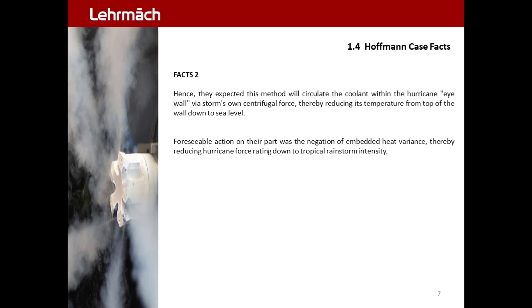The foreseeable action on their part was the negation of embedded heat variance, thereby reducing hurricane force rating down to tropical rainstorm intensity.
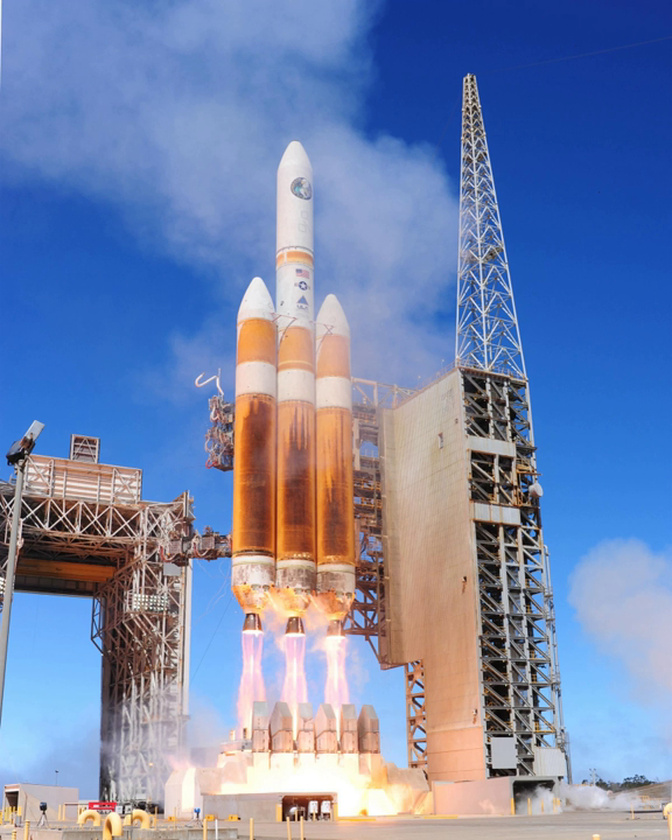The payload was left in a lower-than-intended orbit. Its first operational payload was the DSP-23 satellite, successfully launched in 2007. It was then used to launch a further five visual and electronic reconnaissance satellites for the National Reconnaissance Office through 2013. In December 2014, the Delta IV Heavy was used to launch an uncrewed test flight of the Orion Multipurpose Crew Vehicle, designated EFT-1.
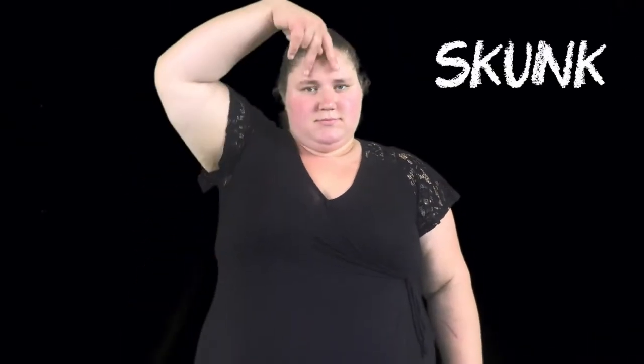Lion. Tiger. Giraffe. Hippo, elephant. Alligator. Skunk.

## Aim of the exercise
Leave out the pictures; repeat the data exactly.

## Answer for this exercise
The foreseeable action on their part was the negation of embedded heat variance, thereby reducing hurricane force rating down to tropical rainstorm intensity.
The payload was left in a lower-than-intended orbit. Its first operational payload was the DSP-23 satellite, successfully launched in 2007. It was then used to launch a further five visual and electronic reconnaissance satellites for the National Reconnaissance Office through 2013. In December 2014, the Delta IV Heavy was used to launch an uncrewed test flight of the Orion Multipurpose Crew Vehicle, designated EFT-1.
Lion. Tiger. Giraffe. Hippo, elephant. Alligator. Skunk.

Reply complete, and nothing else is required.